La personne d’à côté se nomme Troussot-Déclez.
Elle répond sans tarder à mon coup de sonnette.
— Monsieur ? s’enquiert-elle avec son bel accent qui ne sera jamais napolitain, quand bien même tu le recouvrirais de sauce tomate.
— Mes respects, dis-je. Je viens récupérer mon chien…
Par une enculade de portes ouvertes, je l’avise en train de gloutonner un reste de gratin inidentifiable vu d’ici.
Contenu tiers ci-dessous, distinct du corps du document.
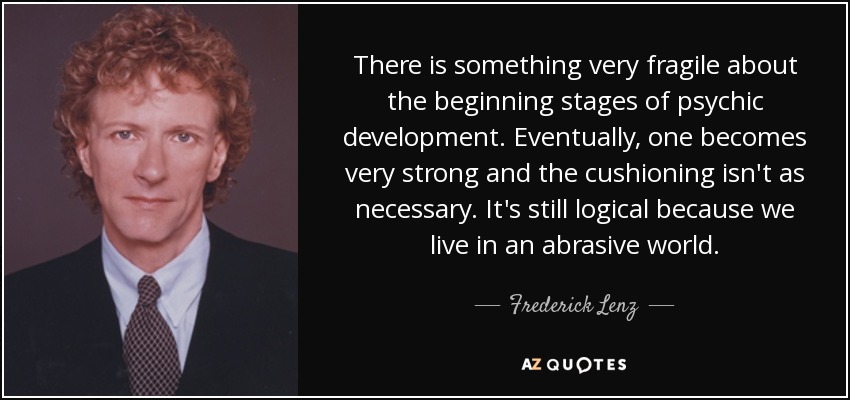 There is something very fragile about the beginning stages of psychic development. Eventually, one becomes very strong and the cushioning isn't as necessary. It's still logical because we live in an abrasive world. - Frederick Lenz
La dabuche est une personne si gentille que j’en chierais dans sa culotte !
— Pardonnez-moi, fait-elle, mais ce pauvre animal semblait si exténué, si affamé… Vous boirez bien une tasse de café avec moi pendant qu’il se restaure ?
— Volontiers ! accepté-je.
Et si tu savais comme j’ai raison !
C’est une personne bien agréable, Mme Troussot-Déclez. Le genre d’octogénaire (et mèche) proprette, aimable, contente d’être encore de ce monde, toujours prête à rendre service à ses semblables, surtout quand ils ne lui demandent rien.
Elle volubilise dans sa cuisine-salle à manger où trône une photo-portrait, retouchée au crayon, de feu son mari. Il l’a quittée y a lulure, Emile, mais il semblait déjà gâteux (le con sert tôt en sol mineur, qu’on disait à la communale, inoubliable). Sa dame s’est engagée dans le veuvage, comme d’autres à Médecins Sans Frontières. Elle trottine entre un vieux passé vermoulu et un futur dont tu ne donnerais pas trois balles.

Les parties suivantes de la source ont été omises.